32. M. AL-SHEDDI, abordant la question des enfants des rues, s'étonne de l'argument invoqué par la délégation guatémaltèque, selon lequel, puisque de nombreux enfants préfèrent rester dans les rues plutôt que de retourner dans leur famille, il convient de respecter leur choix. C'est pourquoi il souhaiterait avoir des précisions à ce sujet. D'autre part, le rapport du Guatemala évoque, aux paragraphes 279 et suivants, toute une série de raisons qui peuvent expliquer l'abus de stupéfiants par les enfants et les adolescents. Parmi ces raisons figurent notamment le climat qui entoure les jeunes dans leur foyer ou leur école, l'absence de valeurs morales et sociales ou encore les mauvais traitements et les mauvais exemples de la part des parents et d'autres adultes. Il semble qu'il appartient aux autorités de prendre les dispositions nécessaires pour s'attaquer à ces problèmes, susceptibles de faire sombrer des enfants dans la toxicomanie.

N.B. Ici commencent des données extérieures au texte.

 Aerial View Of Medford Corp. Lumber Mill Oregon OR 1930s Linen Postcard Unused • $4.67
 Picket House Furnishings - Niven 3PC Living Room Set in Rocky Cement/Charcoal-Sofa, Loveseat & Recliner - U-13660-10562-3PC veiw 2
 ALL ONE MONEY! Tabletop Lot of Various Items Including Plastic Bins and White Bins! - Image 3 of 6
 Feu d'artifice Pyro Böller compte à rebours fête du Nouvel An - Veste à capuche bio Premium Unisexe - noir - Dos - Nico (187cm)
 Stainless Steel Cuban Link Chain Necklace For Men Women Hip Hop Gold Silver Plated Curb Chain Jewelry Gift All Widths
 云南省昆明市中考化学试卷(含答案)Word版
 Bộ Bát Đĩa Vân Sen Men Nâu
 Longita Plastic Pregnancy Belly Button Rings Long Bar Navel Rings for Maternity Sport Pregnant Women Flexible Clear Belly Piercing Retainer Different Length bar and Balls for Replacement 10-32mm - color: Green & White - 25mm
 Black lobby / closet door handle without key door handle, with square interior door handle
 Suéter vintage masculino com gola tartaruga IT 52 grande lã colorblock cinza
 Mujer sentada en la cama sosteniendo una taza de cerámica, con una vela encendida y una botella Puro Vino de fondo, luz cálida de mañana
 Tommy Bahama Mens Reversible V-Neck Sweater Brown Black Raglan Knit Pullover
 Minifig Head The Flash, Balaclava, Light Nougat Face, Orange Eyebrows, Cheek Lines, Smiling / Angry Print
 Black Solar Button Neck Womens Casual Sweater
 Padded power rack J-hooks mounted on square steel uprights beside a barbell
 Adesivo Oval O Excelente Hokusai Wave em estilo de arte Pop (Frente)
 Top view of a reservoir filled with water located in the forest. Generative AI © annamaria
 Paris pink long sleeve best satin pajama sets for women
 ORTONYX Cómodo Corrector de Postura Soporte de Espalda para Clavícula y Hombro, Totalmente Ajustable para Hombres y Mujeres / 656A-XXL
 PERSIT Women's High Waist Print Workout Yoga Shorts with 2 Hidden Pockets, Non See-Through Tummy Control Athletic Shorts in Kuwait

33. Le PRÉSIDENT observe une contradiction entre le caractère illégal de l'avortement au Guatemala et le fait que le Gouvernement guatémaltèque indique, dans ses réponses écrites, que l'avortement est la deuxième cause de décès chez les femmes. Par ailleurs, selon ces mêmes réponses écrites, un programme de réadaptation des enfants victimes d'exploitation sexuelle sera mis en place dans le cadre du plan national d'action contre ce phénomène, qui est en cours d'élaboration. Il serait intéressant de connaître le contenu de ce programme et de savoir où en est la mise au point du plan d'action.

34. Mme OUEDRAOGO aimerait savoir dans quelle mesure les droits de l'enfant sont garantis dans les établissements de garde d'enfants qui appartiennent à l'État et où, selon les informations fournies par la délégation, l'assistance offerte aux enfants est de type traditionnel. D'autre part, la situation des familles défavorisées en matière de sécurité sociale est préoccupante et Mme Ouedraogo voudrait savoir dans quelle mesure ces familles sont prises en charge. De même, il n'est pas prévu de couverture sociale pour les enfants qui travaillent dans le secteur informel. Est-il possible d'envisager un système de cotisations pour ces enfants? Enfin, il semblerait que très peu d'enfants jouissent du droit au repos et aux loisirs, même si des initiatives ont été lancées à cet égard dans les écoles. Qu'en est-il toutefois des enfants qui ne sont pas scolarisés et comment les autorités envisagent-elles de garantir ce droit à ces enfants?

35. La séance est suspendue à 16 h 40; elle est reprise à 16 h 55.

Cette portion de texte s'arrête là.